Which of the lines in the records below hold the string "White"? Copy every one of them.

Data for the task section start

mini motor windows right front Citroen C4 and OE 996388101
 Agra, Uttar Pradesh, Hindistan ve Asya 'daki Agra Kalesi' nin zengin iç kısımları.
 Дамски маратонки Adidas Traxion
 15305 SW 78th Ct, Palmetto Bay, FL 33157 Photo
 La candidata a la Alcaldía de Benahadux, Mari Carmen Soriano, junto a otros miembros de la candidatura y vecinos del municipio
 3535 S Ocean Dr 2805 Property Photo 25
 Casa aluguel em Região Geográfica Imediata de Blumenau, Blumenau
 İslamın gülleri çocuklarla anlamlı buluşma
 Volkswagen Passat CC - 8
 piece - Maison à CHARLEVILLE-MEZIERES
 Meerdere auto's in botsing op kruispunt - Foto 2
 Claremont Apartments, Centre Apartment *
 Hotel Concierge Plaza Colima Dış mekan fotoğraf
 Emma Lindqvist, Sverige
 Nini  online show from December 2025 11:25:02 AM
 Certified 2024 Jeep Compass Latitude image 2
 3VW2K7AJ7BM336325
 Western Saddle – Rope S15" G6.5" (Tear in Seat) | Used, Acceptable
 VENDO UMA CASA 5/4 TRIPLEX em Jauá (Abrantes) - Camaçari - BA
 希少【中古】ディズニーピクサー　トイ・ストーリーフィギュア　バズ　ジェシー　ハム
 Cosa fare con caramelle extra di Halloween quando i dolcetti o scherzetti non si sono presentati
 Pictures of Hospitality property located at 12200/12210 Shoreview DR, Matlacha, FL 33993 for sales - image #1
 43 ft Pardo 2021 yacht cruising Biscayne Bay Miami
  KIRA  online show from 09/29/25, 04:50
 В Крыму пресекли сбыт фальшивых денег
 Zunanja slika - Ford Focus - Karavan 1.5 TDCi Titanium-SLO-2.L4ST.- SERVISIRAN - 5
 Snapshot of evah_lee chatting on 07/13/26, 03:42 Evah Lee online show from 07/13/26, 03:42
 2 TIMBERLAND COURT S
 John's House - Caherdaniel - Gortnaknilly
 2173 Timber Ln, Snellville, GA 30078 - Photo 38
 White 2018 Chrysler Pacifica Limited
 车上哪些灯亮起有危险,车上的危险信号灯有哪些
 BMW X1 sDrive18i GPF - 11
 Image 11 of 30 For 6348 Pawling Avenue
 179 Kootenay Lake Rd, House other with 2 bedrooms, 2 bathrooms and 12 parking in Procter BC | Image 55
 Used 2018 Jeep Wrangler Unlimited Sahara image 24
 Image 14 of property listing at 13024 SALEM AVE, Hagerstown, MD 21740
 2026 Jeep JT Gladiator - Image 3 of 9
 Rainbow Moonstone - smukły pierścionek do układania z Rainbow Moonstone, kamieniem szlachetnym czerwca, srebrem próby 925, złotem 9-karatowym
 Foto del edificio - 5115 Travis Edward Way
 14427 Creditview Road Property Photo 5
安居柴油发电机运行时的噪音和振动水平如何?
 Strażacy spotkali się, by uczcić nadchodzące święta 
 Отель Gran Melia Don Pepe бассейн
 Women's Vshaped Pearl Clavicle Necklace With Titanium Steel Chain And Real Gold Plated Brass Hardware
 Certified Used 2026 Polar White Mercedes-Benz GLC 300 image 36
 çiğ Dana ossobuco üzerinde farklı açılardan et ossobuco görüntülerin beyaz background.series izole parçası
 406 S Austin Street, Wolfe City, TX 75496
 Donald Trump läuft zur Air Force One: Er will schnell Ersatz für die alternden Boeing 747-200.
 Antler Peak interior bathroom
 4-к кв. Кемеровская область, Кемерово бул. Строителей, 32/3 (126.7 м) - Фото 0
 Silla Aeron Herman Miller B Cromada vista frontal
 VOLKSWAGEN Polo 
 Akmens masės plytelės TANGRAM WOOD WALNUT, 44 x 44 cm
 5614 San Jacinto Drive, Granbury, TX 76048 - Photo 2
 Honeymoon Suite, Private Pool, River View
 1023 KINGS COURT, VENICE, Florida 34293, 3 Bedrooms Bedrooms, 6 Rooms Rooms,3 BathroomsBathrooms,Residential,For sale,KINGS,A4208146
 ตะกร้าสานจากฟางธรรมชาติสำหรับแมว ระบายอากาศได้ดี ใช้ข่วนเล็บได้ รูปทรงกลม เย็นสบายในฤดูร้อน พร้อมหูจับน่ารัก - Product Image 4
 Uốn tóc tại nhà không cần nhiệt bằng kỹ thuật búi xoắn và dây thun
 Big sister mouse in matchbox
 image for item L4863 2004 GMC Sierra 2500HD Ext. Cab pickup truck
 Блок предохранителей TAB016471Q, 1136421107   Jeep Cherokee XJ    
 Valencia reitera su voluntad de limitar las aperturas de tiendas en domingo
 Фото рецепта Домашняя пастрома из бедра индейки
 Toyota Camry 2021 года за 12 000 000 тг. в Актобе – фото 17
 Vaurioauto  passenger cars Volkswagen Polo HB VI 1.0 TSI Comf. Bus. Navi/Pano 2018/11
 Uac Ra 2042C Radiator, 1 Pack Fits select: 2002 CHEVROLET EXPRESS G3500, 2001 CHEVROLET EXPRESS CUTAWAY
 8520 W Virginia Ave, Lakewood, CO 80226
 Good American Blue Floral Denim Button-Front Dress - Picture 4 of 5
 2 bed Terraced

Data for the task section end

◆ Completed exercise:
 White 2018 Chrysler Pacifica Limited
 Certified Used 2026 Polar White Mercedes-Benz GLC 300 image 36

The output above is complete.